> _Exercise requirements_
Scan the data that follows and count the lines with the string "беспроводной"; answer with the count alone.

************

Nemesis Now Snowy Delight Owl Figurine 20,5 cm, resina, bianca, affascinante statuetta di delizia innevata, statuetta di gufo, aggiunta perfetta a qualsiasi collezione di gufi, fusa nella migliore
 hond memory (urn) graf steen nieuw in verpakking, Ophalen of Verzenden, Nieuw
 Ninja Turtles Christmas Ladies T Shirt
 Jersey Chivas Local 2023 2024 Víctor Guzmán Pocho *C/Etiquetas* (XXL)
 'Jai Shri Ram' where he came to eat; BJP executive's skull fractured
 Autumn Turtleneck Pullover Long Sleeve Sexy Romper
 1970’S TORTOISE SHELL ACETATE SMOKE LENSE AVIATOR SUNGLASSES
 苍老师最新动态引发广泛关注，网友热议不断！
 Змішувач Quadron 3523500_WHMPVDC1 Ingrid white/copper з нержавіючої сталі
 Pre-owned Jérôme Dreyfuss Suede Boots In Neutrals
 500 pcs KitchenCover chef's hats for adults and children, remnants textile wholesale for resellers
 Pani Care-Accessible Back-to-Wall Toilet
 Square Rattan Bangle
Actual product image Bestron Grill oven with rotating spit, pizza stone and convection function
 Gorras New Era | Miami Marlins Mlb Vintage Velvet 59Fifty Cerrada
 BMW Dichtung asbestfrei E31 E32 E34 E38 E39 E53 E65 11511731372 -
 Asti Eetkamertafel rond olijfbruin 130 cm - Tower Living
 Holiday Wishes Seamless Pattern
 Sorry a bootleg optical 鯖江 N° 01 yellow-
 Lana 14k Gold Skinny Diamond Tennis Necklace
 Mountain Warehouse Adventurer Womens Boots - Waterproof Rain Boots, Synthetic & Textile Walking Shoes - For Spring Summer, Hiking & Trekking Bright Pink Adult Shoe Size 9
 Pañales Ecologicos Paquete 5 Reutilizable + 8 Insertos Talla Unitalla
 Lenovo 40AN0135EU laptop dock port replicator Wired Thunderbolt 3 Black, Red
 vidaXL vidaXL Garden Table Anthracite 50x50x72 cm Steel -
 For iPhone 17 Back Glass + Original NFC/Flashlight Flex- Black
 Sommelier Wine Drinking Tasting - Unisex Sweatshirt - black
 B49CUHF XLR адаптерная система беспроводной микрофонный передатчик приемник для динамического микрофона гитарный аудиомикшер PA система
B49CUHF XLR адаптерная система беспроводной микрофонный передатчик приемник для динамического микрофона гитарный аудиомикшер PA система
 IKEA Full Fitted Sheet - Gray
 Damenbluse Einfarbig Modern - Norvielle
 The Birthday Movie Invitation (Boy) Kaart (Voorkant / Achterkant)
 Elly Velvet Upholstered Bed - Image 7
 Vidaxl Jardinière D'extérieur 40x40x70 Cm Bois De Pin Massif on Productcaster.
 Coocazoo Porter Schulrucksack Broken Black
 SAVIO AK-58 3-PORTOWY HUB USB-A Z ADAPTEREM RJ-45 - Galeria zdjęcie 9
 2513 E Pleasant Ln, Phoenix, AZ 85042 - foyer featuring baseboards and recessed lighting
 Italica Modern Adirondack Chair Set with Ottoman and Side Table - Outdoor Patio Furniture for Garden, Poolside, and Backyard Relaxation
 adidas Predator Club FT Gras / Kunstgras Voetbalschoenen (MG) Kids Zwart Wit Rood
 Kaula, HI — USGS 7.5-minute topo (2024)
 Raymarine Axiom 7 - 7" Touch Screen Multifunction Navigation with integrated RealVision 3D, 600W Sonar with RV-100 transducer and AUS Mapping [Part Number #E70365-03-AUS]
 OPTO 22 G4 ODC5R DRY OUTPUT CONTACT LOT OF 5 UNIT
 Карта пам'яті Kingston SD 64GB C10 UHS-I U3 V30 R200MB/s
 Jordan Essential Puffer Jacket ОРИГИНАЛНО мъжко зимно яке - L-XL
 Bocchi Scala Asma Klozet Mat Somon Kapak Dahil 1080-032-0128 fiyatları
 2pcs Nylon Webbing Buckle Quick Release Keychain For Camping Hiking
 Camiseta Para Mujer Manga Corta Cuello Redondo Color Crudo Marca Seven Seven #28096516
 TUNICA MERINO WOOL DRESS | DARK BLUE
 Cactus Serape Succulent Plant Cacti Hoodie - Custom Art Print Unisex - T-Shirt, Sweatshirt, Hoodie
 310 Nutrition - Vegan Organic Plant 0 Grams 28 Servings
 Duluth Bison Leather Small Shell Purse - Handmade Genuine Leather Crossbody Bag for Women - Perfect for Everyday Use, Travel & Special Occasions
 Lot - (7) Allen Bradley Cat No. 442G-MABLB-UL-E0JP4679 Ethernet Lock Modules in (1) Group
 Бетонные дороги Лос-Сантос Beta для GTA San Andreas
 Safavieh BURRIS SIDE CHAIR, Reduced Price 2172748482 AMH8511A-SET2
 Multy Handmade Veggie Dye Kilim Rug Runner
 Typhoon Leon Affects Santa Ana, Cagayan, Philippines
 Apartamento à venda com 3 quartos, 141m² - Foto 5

************

> _Response to the exercise_
2